Second, plaintiffs contend that the trustees abdicated their fiduciary responsibilities by establishing a per se rule, requiring deduction of severance pay from special early retirement in all cases. To support this argument the plaintiffs point to Section II of the Pension Agreement which provided that the Board may, in its discretion, require such a deduction. According to the plaintiffs this provision contemplated an individualized consideration of each pension claim. Since no such individualized consideration was given plaintiffs contend that the trustees' decision must be overturned.
Finally, the plaintiffs contend that the Board did not provide affected employees with adequate notice of its decision to deny full pension benefits.
We reject all of these arguments. Turning first to the question of conflict-of-interest, it is clear that no inherent conflict exists in this case simply because officers of CPT acted as trustees of the pension fund. In fact, ERISA specifically contemplates such an arrangement. 29 U.S.C. § 1108(c)(3) states that: "nothing in . . . this title shall be construed to prohibit any fiduciary from — (3) serving as a fiduciary in addition to being an officer, employee, agent or other representative of a party in interest." See also, Blackmar v. Lichtenstein, 468 F. Supp. 370, 374 (E.D.Mo. 1979), affd. 603 F.2d 1306 (6th Cir. 1980). Thus, the dual position held by these trustees does not, by itself, invalidate their actions.
Nor is there any evidence in this record of actual bias by the trustees in making their decision to offset benefits. In defining the scope of a trustee's fiduciary duties ERISA essentially codifies the existing common law of trusts. U.S. Code Cong. Ad.News 4639 at 4649-50, 5186-87 (1974). Under the common law a trustee owed his undivided loyalty to the trust. Thus, the trustee was obliged to avoid any self-dealing and to refrain from using trust property to his personal advantage. See generally, 76 Am.Jur.2d, Trusts, § 315-324.

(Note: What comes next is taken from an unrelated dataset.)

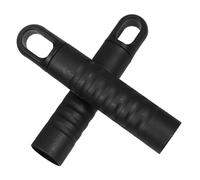 Beatifufu 2pcs Mop Handle End Caps Replacement Grips with Slip Design and Hanging Durable Black Rod Sleeves for Broom Sweeping Mop and Clothesline Storage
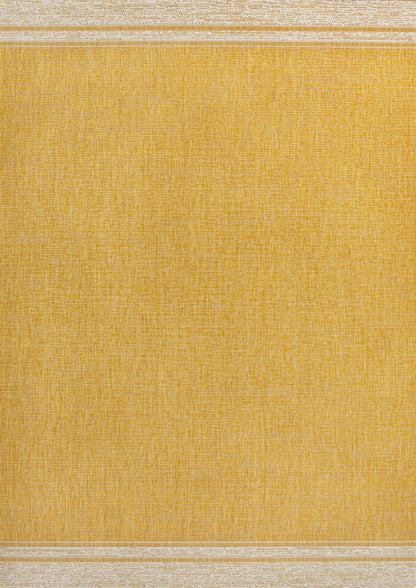 3' X 5' Yellow And Cream Indoor Outdoor Area Rug HomeRoots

However, while the standards imposed on trustees at common law are very strict they are not absolute. Quite the contrary, it is recognized that an absolute standard would be impractical in its application. Accordingly, it has been held that mere attenuated or hypothetical conflicts of interest do not necessarily invalidate good faith decisions made by a trustee. See, Phelan v. Middle States Oil Corp., 220 F.2d 593, 604 (2d Cir. 1955); In re: Flagg's Estate, 365 Pa. 82, 73 A.2d 411 (1950). This is particularly true when the potential conflict is apparent from the face of the trust instrument itself. Clayton v. James B. Clow Sons, 212 F. Supp. 482 (N.D.Ill. 1962) aff'd 327 F.2d 382 (7th Cir. 1964); In re Steele's Estate, 377 Pa. 250, 103 A.2d 409 (1955).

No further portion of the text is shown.